Recall the properties of exponents and logarithms

Recall that for any positive number \(a\), we have $$a^{\ln x}=x^{\ln a}$$ This property allows us to rewrite the given integrand.

Rewrite the integrand using the property

Using the property from step 1, we can rewrite the integrand as: $$\frac{3^{\ln x}}{x} = \frac{x^{\ln 3}}{x}$$ Now, we simplify the expression: $$\frac{x^{\ln 3}}{x} = x^{\ln 3 - 1}$$

Evaluate the antiderivative

To evaluate the given integral, we need to find the antiderivative of the simplified integrand. Since we have a power function, we can use the power rule: $$\int x^{n} d x = \frac{x^{n+1}}{n+1} + C$$ Applying this rule to our integrand, we have: $$\int x^{\ln 3 - 1} d x = \frac{x^{\ln 3}}{\ln 3} + C$$

Evaluate the definite integral

Now that we have calculated the antiderivative, we can evaluate the definite integral by plugging in the bounds of integration: $$\int_{1}^{2e} x^{\ln 3 - 1} d x = \frac{x^{\ln 3}}{\ln 3} \Big|_{1}^{2 e}$$ Evaluate the antiderivative at the upper and lower bounds: $$\frac{(2e)^{\ln 3}}{\ln 3} - \frac{1^{\ln 3}}{\ln 3}$$

Simplify the result

Simplify the expression to obtain the final result: $$\frac{(2e)^{\ln 3}}{\ln 3} - \frac{1^{\ln 3}}{\ln 3} = \frac{(2e)^{\ln 3} - 1}{\ln 3}$$ So, $$\int_{1}^{2 e} \frac{3^{\ln x}}{x} d x = \frac{(2e)^{\ln 3} - 1}{\ln 3}$$

Key concepts

Definite Integrals

Definite integrals are a fundamental concept in calculus, representing the area under a curve between two specified points, called bounds. When you calculate a definite integral, you are essentially finding the signed area between a function's graph and the x-axis from one point to another. In the context of the exercise, the definite integral is given from the bounds 1 to 2e. This means we are interested in the accumulated area of the function \( \frac{3^{\ln x}}{x} \) from \( x = 1 \) to \( x = 2e \).

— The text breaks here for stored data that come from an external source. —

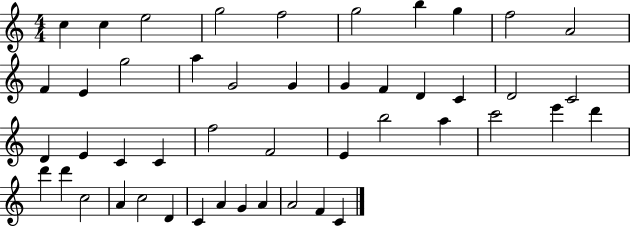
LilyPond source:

{
  \clef treble
  \numericTimeSignature
  \time 4/4
  \key c \major
  c''4 c''4 e''2 | g''2 f''2 | g''2 b''4 g''4 | f''2 a'2 | \break f'4 e'4 g''2 | a''4 g'2 g'4 | g'4 f'4 d'4 c'4 | d'2 c'2 | \break d'4 e'4 c'4 c'4 | f''2 f'2 | e'4 b''2 a''4 | c'''2 e'''4 d'''4 | \break d'''4 d'''4 c''2 | a'4 c''2 d'4 | c'4 a'4 g'4 a'4 | a'2 f'4 c'4 | \break \bar "|."
}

• The process involves finding the antiderivative (a function whose derivative is the original function) and then evaluating this at the two bounds, subtracting the value at the lower bound from the value at the upper bound.
• The result is often a number or, as in this exercise, an expression that simplifies to a finite value.

Understanding definite integrals is crucial because they can calculate quantities, like area, volume, and other values that express accumulation over an interval.

Antiderivatives

Antiderivatives are the inverse operation of derivatives. If a function \( F(x) \) is an antiderivative of \( f(x) \), then the derivative of \( F(x) \) is \( f(x) \). This relationship is symbolized by \( F'(x) = f(x) \). Antiderivatives are essential in solving integrals, especially definite integrals. In this exercise, we needed the antiderivative of the simplified function \( x^{\ln 3 - 1} \).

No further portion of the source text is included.